▶ **Supplied material**:
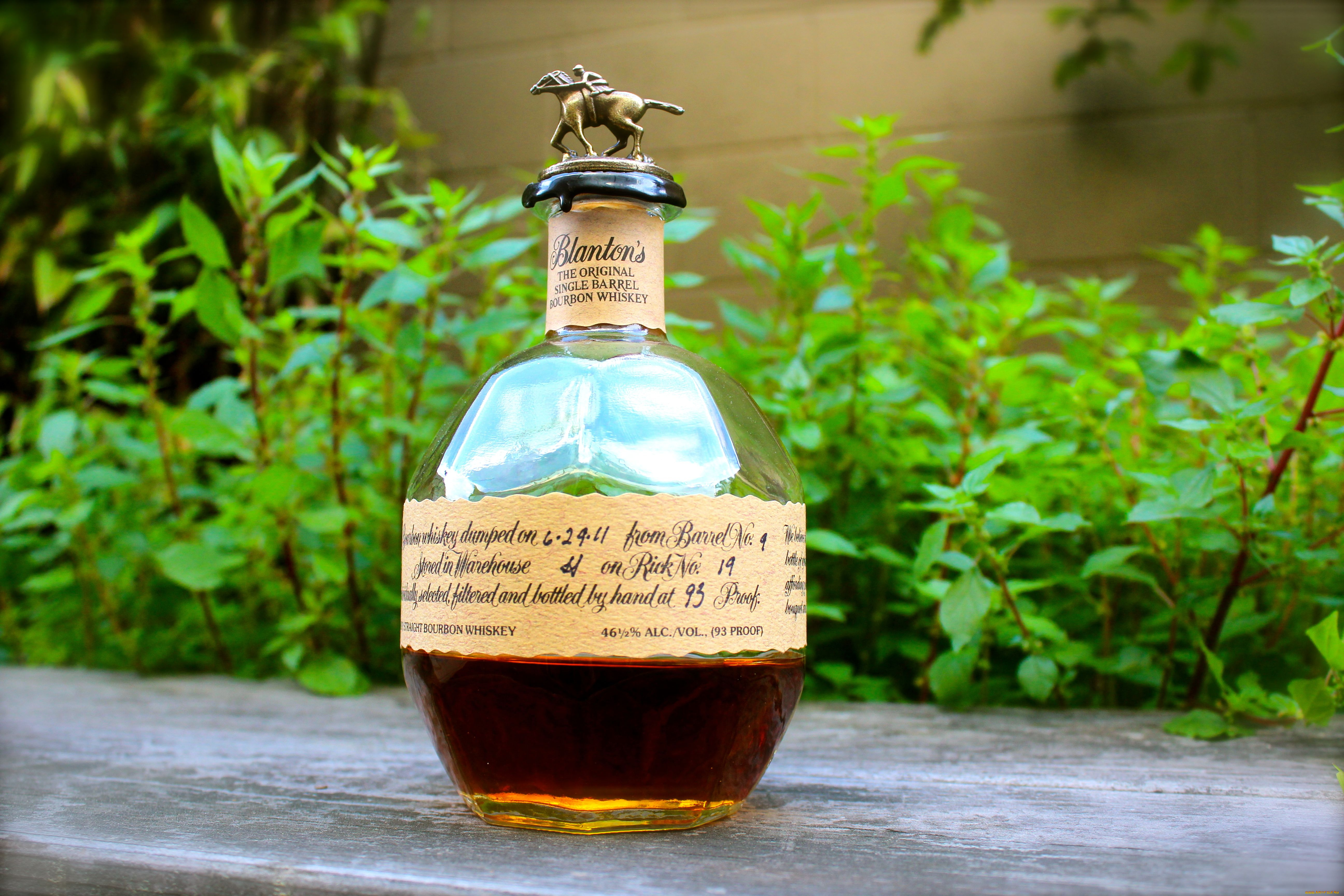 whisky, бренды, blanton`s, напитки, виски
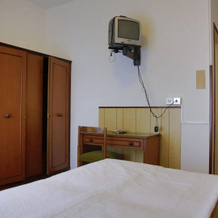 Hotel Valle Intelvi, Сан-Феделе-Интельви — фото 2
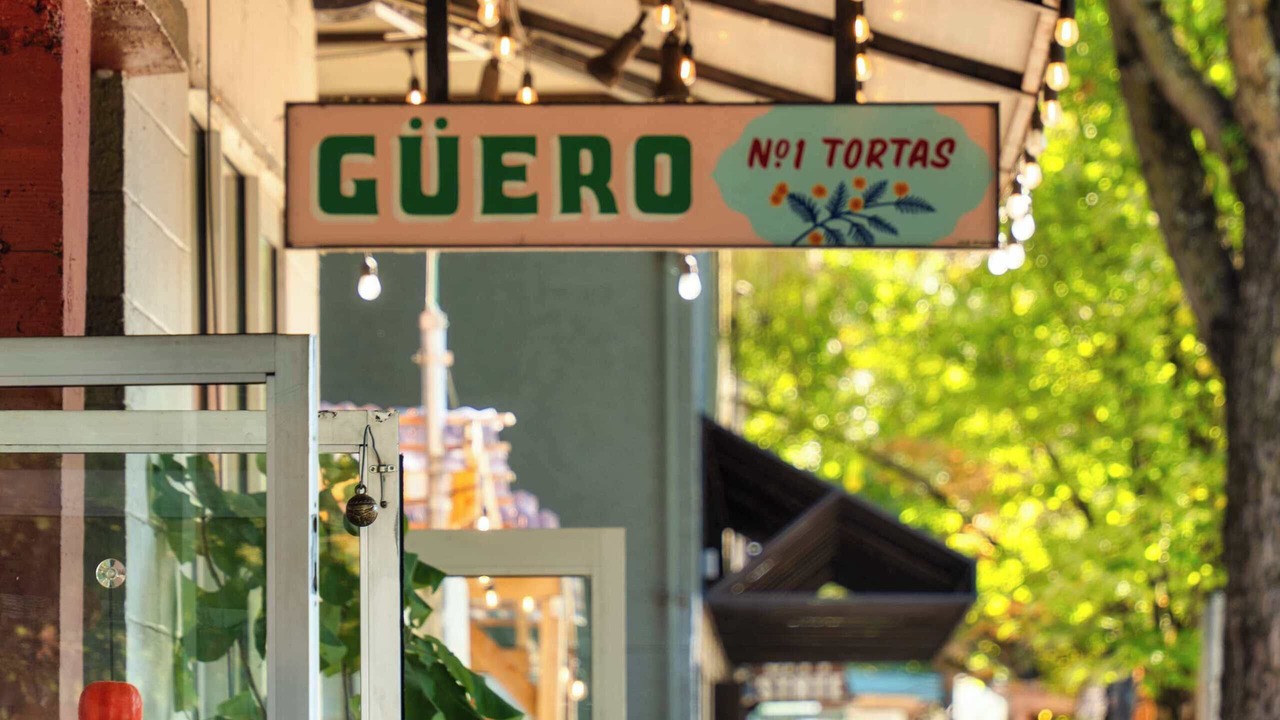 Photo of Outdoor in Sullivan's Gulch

▶ **Exercise details**: All that should be printed is the lines from the one containing "Hotel Valle Intelvi, Сан-Феделе-Интельви" through the last line of the material above, both ends included, exactly as they stand; please skip the pictures.

▶ **Result below**:
 Hotel Valle Intelvi, Сан-Феделе-Интельви — фото 2
 Photo of Outdoor in Sullivan's Gulch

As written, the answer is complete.